B DTD for Datatype Definitions (normative)

Ed. Note: This section (both its abstract content and its concrete wording) has not yet garnered consensus among WG members.

<!-- DTD for XML Schemas: Part 2: Datatypes -->
<!-- Id: datatypes.dtd,v 1.10 1999/10/27 10:21:21 ht Exp  -->
<!-- Note that the use of 'facets' below is less restrictive than is
     really intended:  There should in fact be no more than one of each of
     minInclusive, minExclusive, maxInclusive, maxExclusive,
     maxAbsoluteValue, minAbsoluteValue,
     precision, scale, pattern, enumeration,
     length, maxLength, encoding, period within datatype -->
<!ENTITY % minBound '(minInclusive | minExclusive)'>
<!ENTITY % maxBound '(maxInclusive | maxExclusive)'>
<!ENTITY % bounds '%minBound; | %maxBound;'>
<!ENTITY % numeric '(maxAbsoluteValue, minAbsoluteValue)? | precision | scale'>
<!ENTITY % ordered '%bounds; | %numeric;'>
<!ENTITY % unordered
   'pattern | enumeration | length | maxLength | encoding | period'>
<!ENTITY % facets '%ordered; | %unordered;'>
<!ELEMENT datatype (basetype, (%facets;)*)>
<!ATTLIST datatype
    name NMTOKEN #IMPLIED
    export (true|false) 'true'>
<!-- name is required at top level, export irrelevant when nested -->

<!ELEMENT basetype EMPTY>
<!ATTLIST basetype
	name NMTOKEN #REQUIRED
	schemaAbbrev NMTOKEN #IMPLIED
	schemaName CDATA #IMPLIED>

<!ELEMENT minAbsoluteValue (#PCDATA)>
<!ELEMENT maxAbsoluteValue (#PCDATA)>

<!ELEMENT maxExclusive (#PCDATA)>
<!ELEMENT minExclusive (#PCDATA)>
<!ELEMENT maxInclusive (#PCDATA)>
<!ELEMENT minInclusive (#PCDATA)>

<!ELEMENT precision (#PCDATA)>
<!ELEMENT scale (#PCDATA)>

<!ELEMENT length (#PCDATA)>
<!ELEMENT maxLength (#PCDATA)>
<!ELEMENT enumeration (literal)+>
<!ELEMENT literal (#PCDATA)>
<!ELEMENT pattern (lexical)+>
<!ELEMENT lexical (#PCDATA)>
<!ELEMENT encoding (#PCDATA)>
<!ELEMENT period (#PCDATA)>

C Datatypes and Facets

Ed. Note: This section (both its abstract content and its concrete wording) has not yet garnered consensus among WG members.

C.1 Fundamental Facets

The following table shows the values of the fundamental facets for each built-in datatype.

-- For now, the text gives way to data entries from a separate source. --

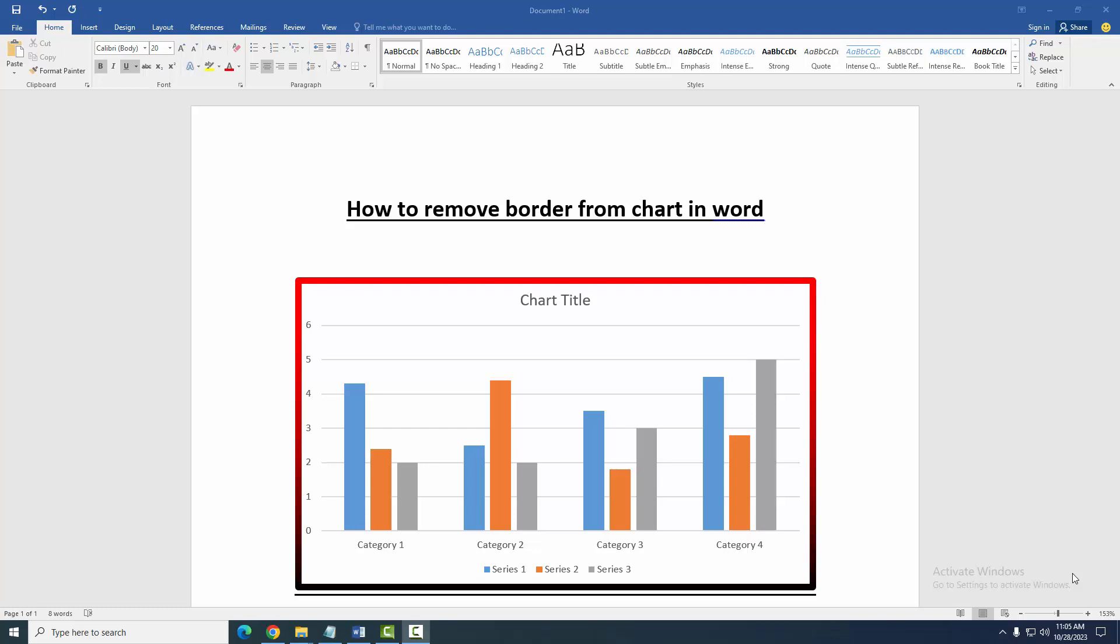Assalamualaikum, hello friends. How are you? Welcome back to another video. In this video, I am going to show you how to remove border from chart in Microsoft Word. Let's get started.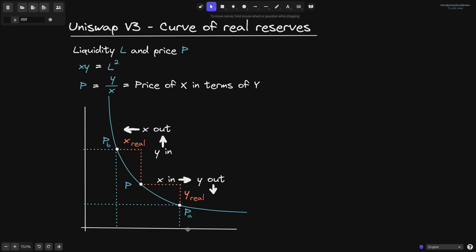To summarize: in Uniswap V2, to be at price p_a we would need a full amount of token y and token x, and likewise at p_b. However, to cover the price range from p_a to p_b, the actual amount of tokens needed is less. The actual amount needed is highlighted in orange — this much of token x and this much of token y.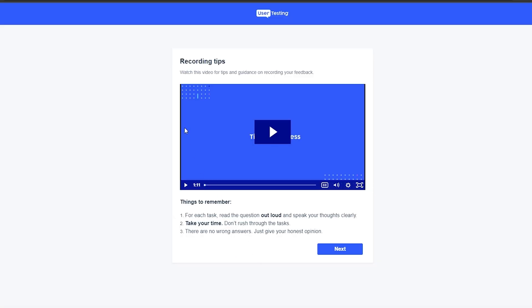Now we are ready to take a test. They give you a short video that is one minute and eleven seconds long. I highly recommend you watch this video even if you're watching me take a test and explain everything, because they might give you a little bit more information. So I'm going to go ahead and watch it and continue with the test.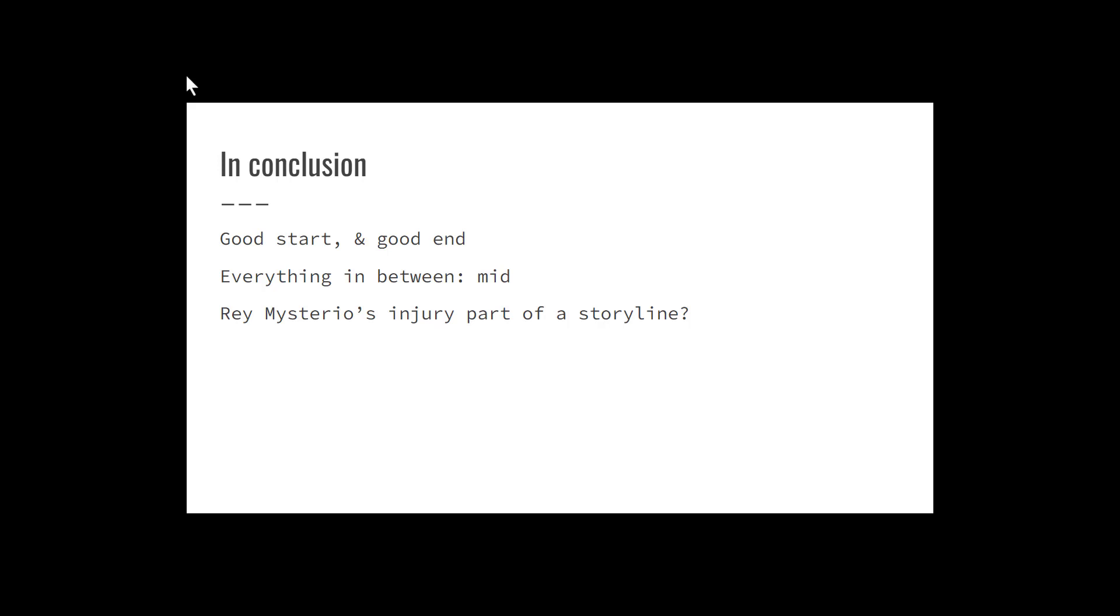With that, that will conclude this episode of WWE Discussion. If you enjoyed this episode, be sure to hit that like button down below.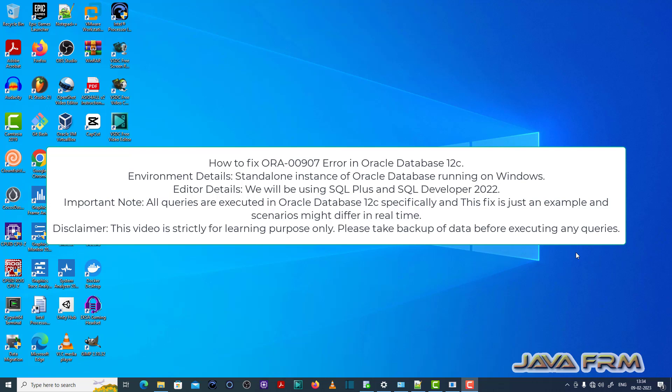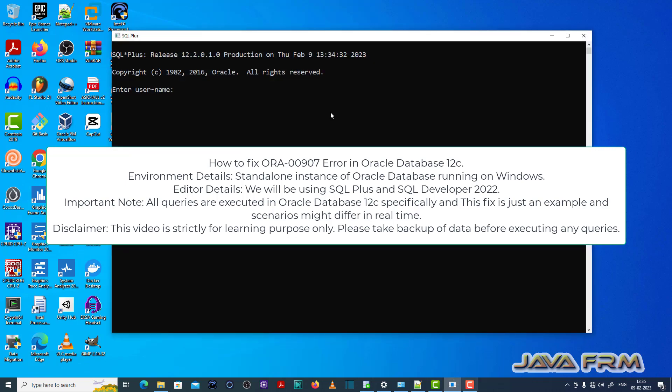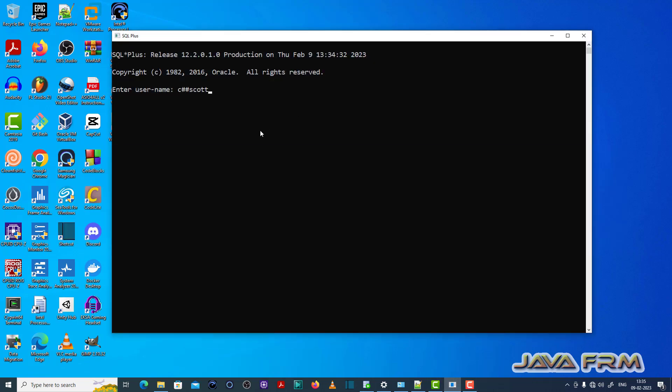Welcome to Java Forum. Now I am going to show you how to fix ORA00907 error in Oracle Database 12c. This error is basically a typo error.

Ed. Note: (PVB 1999-07-09) Some entries in this table might conflict with what it says elsewhere in this draft, as creating this table pointed out to me some problems with the way some of the fundamental facets are defined (not to mention any transcription errors on my part in creating the table).
We obviously need more introductory text here explaining this table to the reader

	Datatype	Order (§2.4.1.1)	Bounds (§2.4.1.2)	Cardinality (§2.4.1.3)	Exact and Approximate (§2.4.1.4)	Numeric (§2.4.1.5)
Primitive	string (§3.2.1)	yes	none	countably infinite	exact	no
	boolean (§3.2.2)	no	none	finite	exact	no
	real (§3.2.3)	yes	none	uncountably infinite	approximate	yes
	timeInstant (§3.2.4)	yes	no	uncountably infinite	approximate	no
	timeDuration (§3.2.5)	yes	no	uncountably infinite	approximate	no
	recurringInstant (§3.2.6)	yes	no	uncountably infinite	approximate	no
	binary (§3.2.7)	no	no	?	?	no
	uri (§3.2.8)	no	no	uncountably infinite	exact	no
	language (§3.2.9)	no	no	countably infinite	exact	no

Generated	NMTOKEN (§3.3.1)	no	none	countably infinite	exact	no
	NMTOKENS (§3.3.2)	no	no	countably infinite	exact	no
	Name (§3.3.3)	no	no	countably infinite	exact	no
	NCName (§3.3.4)	no	no	countably infinite	exact	no
	ID (§3.3.5)	no	no	countably infinite	exact	no
	IDREF (§3.3.6)	no	no	countably infinite	exact	no
	IDREFS (§3.3.7)	no	no	countably infinite	exact	no
	ENTITY (§3.3.8)	no	no	countably infinite	exact	no
	ENTITIES (§3.3.9)	no	no	countably infinite	exact	no
	NOTATION (§3.3.10)	no	no	countably infinite	exact	no
	decimal (§3.3.11)	yes	no	countably infinite	exact	yes
	integer (§3.3.12)	yes	no	countably infinite	exact	yes
	non-negative-integer (§3.3.13)	yes	yes	countably infinite	exact	yes
	positive-integer (§3.3.14)	yes	yes	countably infinite	exact	yes
	non-positive-integer (§3.3.15)	yes	yes	countably infinite	exact	yes
	negative-integer (§3.3.16)	yes	yes	countably infinite	exact	yes
	date (§3.3.17)	yes	no	countably infinite	exact	no
	time (§3.3.18)	yes	no	uncountably infinite	approximate	no

C.2 Constraining Facets

The constraining facets are listed below with all the primitive and genrated datatypes that they apply to.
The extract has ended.